Change how id's work when there are disagreements

Proposal:

Imagine all identifications given to an observation. Make a tree out of them, and navigate the tree by picking the branch with most support until no branch is supported by greater than [insert cutoff]. Stop here for the CID. For the Observation ID proceed if the branches don’t actually bifurcate after that point (because there are no alternative/disagreements), that is, continue until there is a split. Return the group with all the options at the split. Thus the Observation id will always be nested within the community ID.

Cause:

The id’s are 3:1 bird vs plant, so it goes to Aves, but the leading ID on top (not the Community ID) should also then go to whistling duck, which is uncontested among ‘aves’. If the plant id was not there, which is what the ‘aves’ id’s were supposed to accomplish, it would be at the whistling duck.
https://www.inaturalist.org/observations/203214238#activity_identification_057cb136-e08e-4f62-af63-86c3d462611b
In general, if an id tips the category of the ‘higher level’ id / ‘official’ id of the observation, finer ids should be processed ‘given’ this higher-level id, and ids disagreeing with this id ignored unless the higher-level id for the whole observation changes.

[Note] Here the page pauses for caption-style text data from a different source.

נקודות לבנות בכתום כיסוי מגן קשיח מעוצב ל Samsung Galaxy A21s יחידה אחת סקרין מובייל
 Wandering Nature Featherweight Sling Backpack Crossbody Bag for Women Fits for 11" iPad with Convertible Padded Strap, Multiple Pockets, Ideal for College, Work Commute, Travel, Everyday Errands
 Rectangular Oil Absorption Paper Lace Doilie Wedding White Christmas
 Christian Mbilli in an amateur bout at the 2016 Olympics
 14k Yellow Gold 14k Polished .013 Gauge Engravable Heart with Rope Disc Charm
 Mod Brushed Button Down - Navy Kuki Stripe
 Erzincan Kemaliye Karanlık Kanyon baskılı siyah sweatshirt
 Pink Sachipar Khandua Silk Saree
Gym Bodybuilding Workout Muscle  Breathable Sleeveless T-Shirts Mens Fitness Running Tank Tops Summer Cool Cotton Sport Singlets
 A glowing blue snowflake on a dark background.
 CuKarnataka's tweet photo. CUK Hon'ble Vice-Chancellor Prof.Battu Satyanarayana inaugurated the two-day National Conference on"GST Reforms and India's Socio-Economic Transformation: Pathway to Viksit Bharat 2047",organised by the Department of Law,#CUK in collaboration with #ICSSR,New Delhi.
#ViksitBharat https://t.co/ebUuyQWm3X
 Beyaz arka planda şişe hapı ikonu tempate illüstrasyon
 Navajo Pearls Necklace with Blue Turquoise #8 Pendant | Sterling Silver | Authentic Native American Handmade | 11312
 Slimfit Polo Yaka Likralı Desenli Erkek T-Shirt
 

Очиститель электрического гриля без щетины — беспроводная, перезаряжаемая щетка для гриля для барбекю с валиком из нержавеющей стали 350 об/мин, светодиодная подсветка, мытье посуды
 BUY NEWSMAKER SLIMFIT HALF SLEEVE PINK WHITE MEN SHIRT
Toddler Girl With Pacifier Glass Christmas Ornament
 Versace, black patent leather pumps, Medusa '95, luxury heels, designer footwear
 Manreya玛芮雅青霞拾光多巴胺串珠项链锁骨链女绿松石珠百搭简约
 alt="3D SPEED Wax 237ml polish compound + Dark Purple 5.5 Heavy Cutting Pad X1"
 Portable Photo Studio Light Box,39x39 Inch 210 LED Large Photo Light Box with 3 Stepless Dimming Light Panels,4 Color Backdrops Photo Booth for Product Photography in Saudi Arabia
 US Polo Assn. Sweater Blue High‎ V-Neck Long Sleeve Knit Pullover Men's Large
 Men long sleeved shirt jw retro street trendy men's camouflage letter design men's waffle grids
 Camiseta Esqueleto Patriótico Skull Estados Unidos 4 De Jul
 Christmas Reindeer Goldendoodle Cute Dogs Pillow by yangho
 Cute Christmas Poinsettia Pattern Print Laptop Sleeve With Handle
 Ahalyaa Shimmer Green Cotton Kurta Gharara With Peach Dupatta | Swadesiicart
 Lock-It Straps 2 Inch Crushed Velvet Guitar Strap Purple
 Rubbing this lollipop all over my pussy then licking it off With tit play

Also: When an observation has a conflict where someone has bumped an id a level up, explicitly disagreeing with the earlier fine id, and one clicks ‘agree’ with this higher-level id, it should have the option to be an explicit disagreement to the finer id as well, and not be marked as just a generic agreement with the high-level id.

I don’t know if this should be an official feature request, and there have been so many discussions about how id’s work that I’m not sure where this belongs, but I think that this is an outstanding problem after all that discussion that’s fixable.

4 Likes

this was previously discussed in https://forum.inaturalist.org/t/community-taxon-algorithm-tweaks/28583.

i think this is effectively what happens now when you explicitly disagree. see: https://forum.inaturalist.org/t/change-to-ancestor-disagreement-implementation/49276/6.

I recently agreed (yesterday) and was not offered the option to make it an explicit disagreement with the finer level. I had to add a fresh id to get the question.

1 Like

That obs has the CID at 2 birds vs the birds-of-paradise Strelitzia.
I often add a ‘supporting taxon specialist’ ID - which I withdraw - in this case, would be when the next birder chimes in.

Aves instead of Life at least gets it to birders.

If you open the previous discussion I will comment there.

P(A|B) (probability of A given B) is how we should calculate finer ids (such as the organism id given at the top of the page), where B is the community id and A is any finer id.

The example with 1000:2 ids at a high level and yet only 2:1 at the species level because most are high-level ids captures the intuition very well. Since many of those high-level ids are themselves incompatible with a certain species level id they should be given weight at this level.

Id’s should be calculated based on ‘Given x, what is it most likely’ at each level. I like the algorithm Matthew described. I only wanted this where the organism id is calculated ‘given’ the community ID, but his algorithm does it at every level, which is maximally intuitive, and leads to more specific id’s that are also reasonable.

In terms of your blackbird vs Sparrow example, where you say ‘some use cases should not be prioritized over others’, if it’s 3:1 sparrow to blackbird, the iNat system would put the id as sparrow no matter what. It is also not counterintuitive behaviour; I don’t therefore think it has to do with this specific case.

If you want to bump observations out of sparrow and into bat based on your specific knowledge, expert weighting - which iNat has disagreed on (but I see we now have # of id’s by our name each time we id) - or weighting disagreements more highly - which has been discussed - are the tools you would need.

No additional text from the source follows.